The big reason we did this was because we were expanding across the United Kingdom. We needed to understand how, and if, Lononders differed from other people in the UK purchasing our product. Our exceptional growth month over month meant that understanding our customers and reducing churn was the key to our succeess against the competition in the space. Within our customer base, one area we looked at through churn is new customer acquisition.

The saying is true, it’s easier and cheaper to keep a customer then it is to acquire a new one. Competitors were focused on growth for growth’s sake. They were giving away deep discounts to sign up people, while we wanted to focus on growing a profitable business. Making sure we didn’t lose a customer for anything that was within our control was our difference.

We needed a cohort analysis tool. Instead of building our own, we used one built into Mixpanel. We also used Google Analytics but at the time, someone decided we needed MixPanel because of its SMS feature. Mixpanel did help get us up and running faster and allowed us to do some cool pivots to our data. Once that was set up, we needed to make sure we setup dashboards that anyone in the company could look at.

The first thing we did was strip away repeat customers. We tended to up/ cross sell a lot of our customers who bought our service once and encouraged them to purchase a repeat subscription.  It’s always cheaper to keep a customer than to acquire a new one, as stated previously. Once we were only looking at net new customers and not repeaters, we could start to see how our churn was looking.

Once we stripped away the repeat customers and looked at the job we’re doing, acquiring customers, it brought up conversations regarding our product offering and customer retention. Both key pillars of us building a business that is sustainable.

Do people understand what they are buying? What made people pick a one off package vs a subscription package? What else can we sell people? At the time we were just selling a house cleaning service but we talked about dog walking, laundry services or any other service people might gladly pay someone else to do due to a lack of time. Our whole marketing was around getting time back in your day to do the things you love, while we take care of the chores you hate.

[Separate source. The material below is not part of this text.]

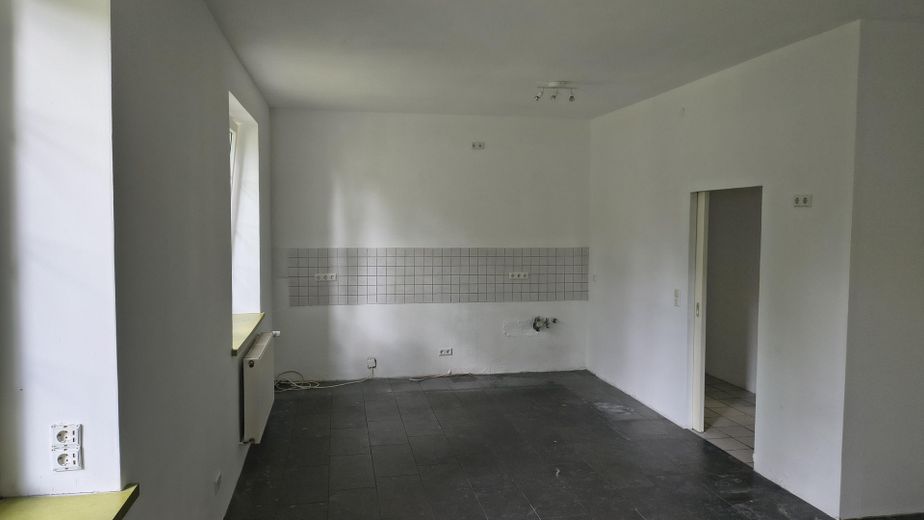 Große, bezugsfertige Wohnung - 6,5 Zimmer + 3 Stellplätze – Foto 6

For customer retention, over 60% of our new customers bought a one off package. This was understandable as people wanted to try out the service before committing to something long-term. In order to get that repeat business, though, we needed to make sure we sold ourselves correctly from the moment they bought.

So, we switched over from talking about house cleaning services and focused on what people would get. We talked about people getting time back in their day in our marketing and on our website. Something that people feel they are sorely lacking. As a result, we found that our churn started to drop and we had a better retention of our customers.

What made it work for us as a smaller startup, was the laser focus. The most important part of our business was the retention of our net new customers. We made sure to strip away repeat customers and try to understand what we were selling. Of course luck and timing had a hand to play, but you can never underestimate focused work.